Mars is the closest planet to Earth. In addition, it could in the past and still can host life similar to ours, although on the surface, away from the ice caps, it is drier there today than in the driest place on our globe, the Atacama Desert in Chile. The search for life on Mars was dedicated to the experiments of the first American probes Viking 1 and Viking 2 sent to the Red Planet in 1976. Their results – interpreted in a variety of ways – have become a staple of discussions among astrobiologists that continue to this day.

Both probes have confirmed the existence of life, operating in different locations and producing repeatable results.
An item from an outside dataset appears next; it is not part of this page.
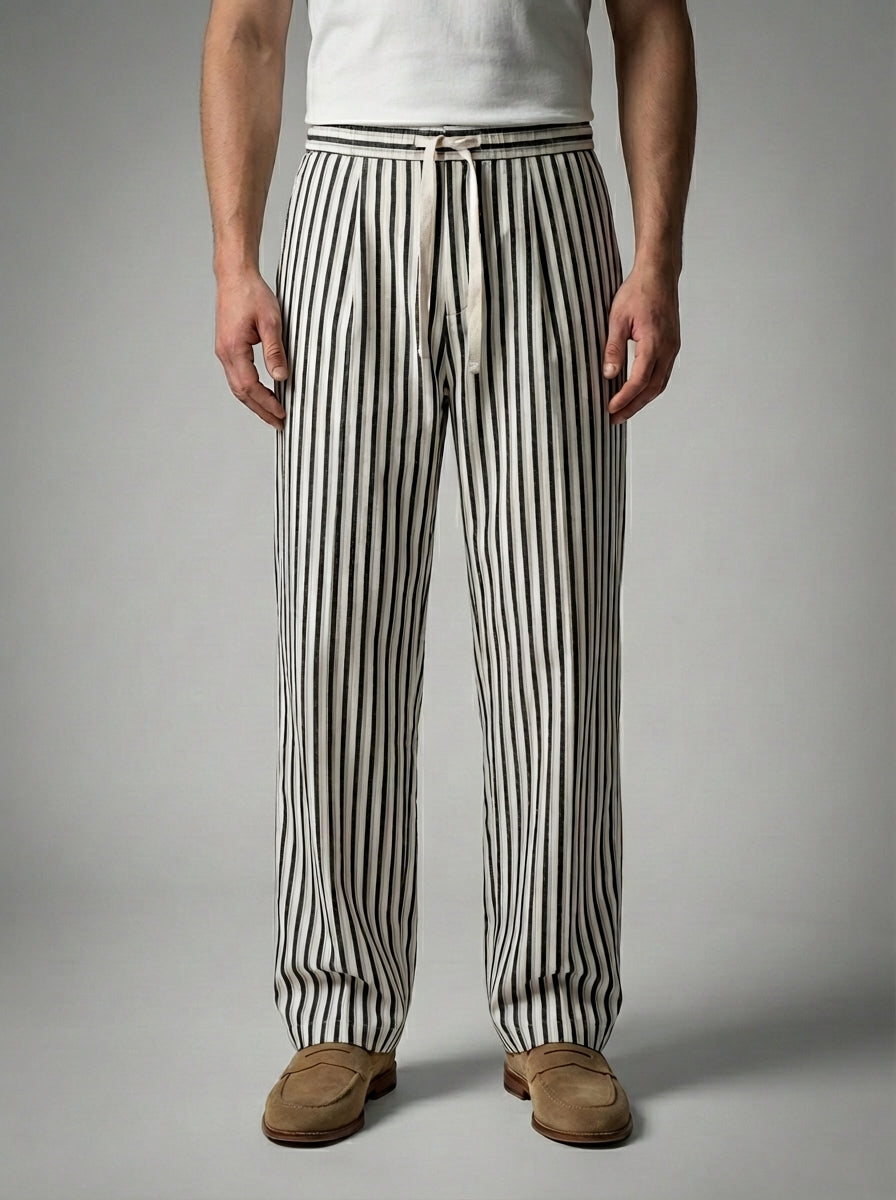 Men's Striped Drawstring Wide Leg Trousers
NASA stated that the results of the experiments Labeled Release were disturbed by specific soil conditions, but similar experiments were never conducted again. Their designer – Gilbert Victor Levin – claimed until his death in 2021 that he had discovered life on Mars and history would do him justice.
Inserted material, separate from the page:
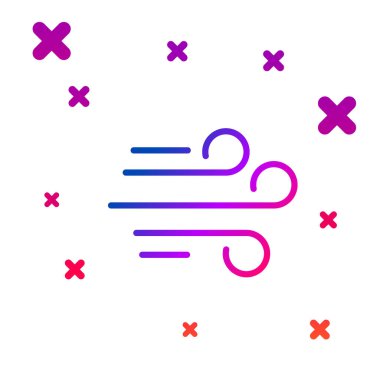 Beyaz arkaplanda Renk Rüzgarı simgesi izole edildi. Rüzgarlı bir hava. Kademeli rastgele dinamik şekiller. Vektör İllüstrasyonu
Is it any wonder that we are looking for life on the Red Planet? Carl Sagan, one of the pioneers of astrobiology, who remained skeptical about the results of the experiments performed by the Viking probes, pointed out in his book Cosmos that terrestrial life appeared almost immediately after the formation of our planet. Therefore, it can be thought that it is an inevitable process under certain conditions. The possibility of the existence of living organisms in the deep layers of Mars rocks has been postulated by geomicrobiologists working with astrobiologists, such as. Tullis C. Onstott. He uses the analogy of the extremophilic bacteria Desulforudis audaxviator discovered in the depths of the Earth, which live thanks to radioactive decay and die on contact with oxygen, and the nematode Halicephalobus mephisto, which feeds on such bacteria, which he discovered, together with Gaetan Borgonie, in gold mines in South Africa.

From a completely different perspective, we can assess the chances of life on Mars in the past, since it may not have been a red planet, but a blue planet, just like Earth.

Water on Mars has historically been found in large quantities

Mars has never been as blue as Earth. However, scientists have no doubt that water must have been present there in large quantities in the past. An analysis of images of its surface, those from Viking, those collected between 1999 and 2006 by the Mars Global Surveyor probe or by the Mars Express orbiter since 2003, suffice to reach this conclusion. They show gigantic structures carved by water billions of years ago – networks of valleys resembling the outflow channels of rivers in the regions of Cydonia Mensa, Deuteronilus, Acheron Fossae or southern Elysium and the shores of the great ocean in the north of the planet.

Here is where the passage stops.